Tuttavia è sempre il padre il personaggio che il film si impegna a farci conoscere, è lui quello con l’arco narrativo interessante, quello che vuole cambiare, nonché quello al centro del climax finale. Insomma nonostante potrebbe sembrare il contrario è lui il vero protagonista. Dylan Penn (figlia di Sean e Robin Wright) è marginale.
E se su questo si potrebbe anche passare sopra, più difficile è farlo sul fortissimo desiderio di Flag Day di essere un film come altri e la maniera vanitosa di arrivarci. Difficile sopportare il ricorso frequente a videoclipponi con musica, tramonti, scenari e personaggi che danzano al suono della propria musica interiore (sono i momenti da cui dovremmo capire i sentimenti di ognuno), oppure sopra a Dylan Penn (30 anni) scarsamente credibile come adolescente e più che altro mascherata da cosplayer di un’adolescente.
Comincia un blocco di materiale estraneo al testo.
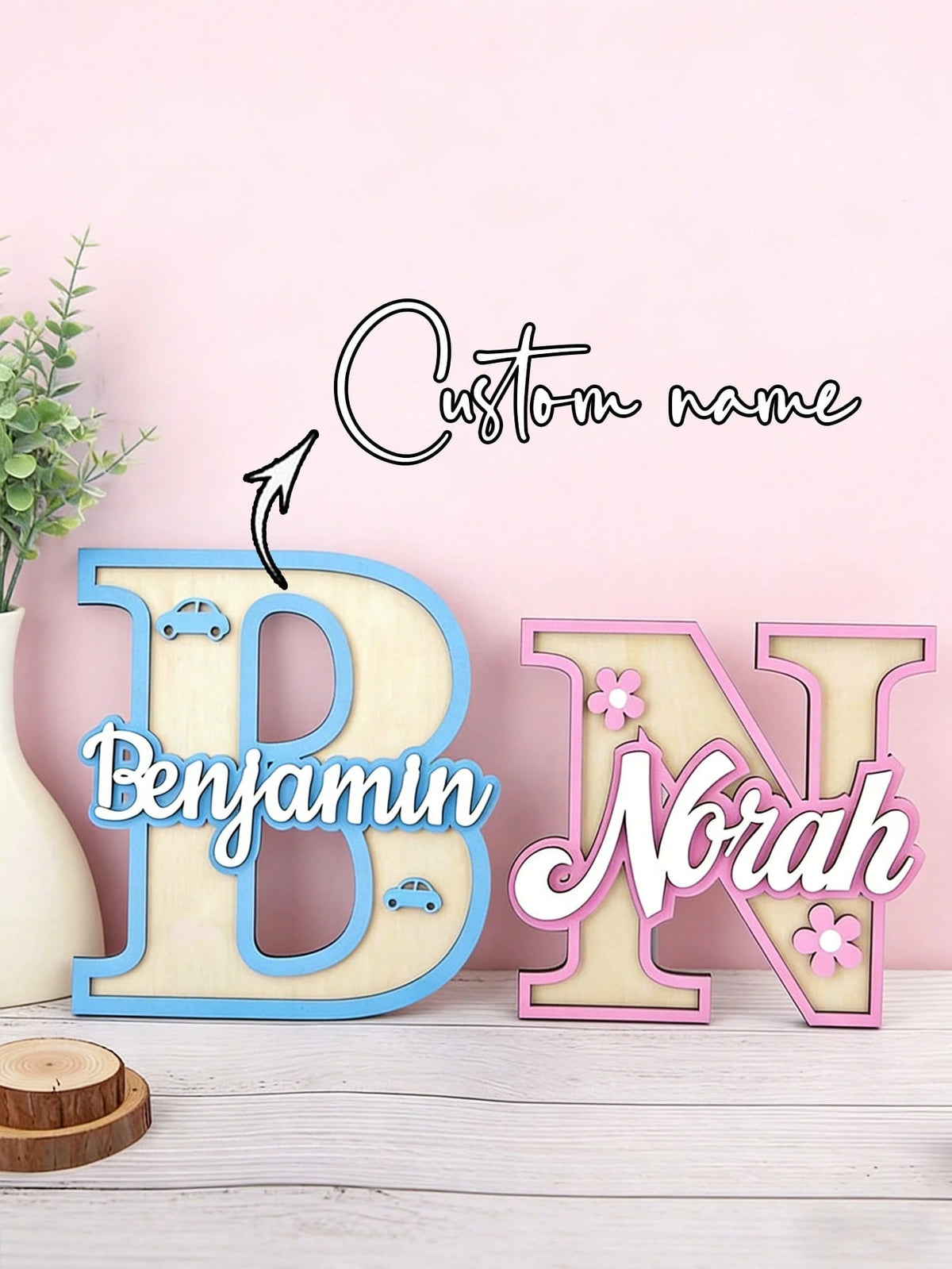 1pc Personalized Custom Letter Nameplate, Wooden Baby Nameplate, 3-Layer Composite Craft Newborn Gift Sign. Our Custom Uppercase Letter Combination Plate Perfectly Combines Elegance And Fun, Designed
Senza contare infine che da quando il film entra nel suo terzo atto rallenta clamorosamente, affidandosi di continuo a dissolvenze e attese sfiancanti.
Non siamo certo dalle parti dell’allucinante Il tuo ultimo sguardo, ma Flag Day lo stesso è un film spento, uno che, una volta tanto, una storia interessante da raccontare l’aveva ma che non è capace di vedere in essa ciò che avrebbe potuto renderla grande.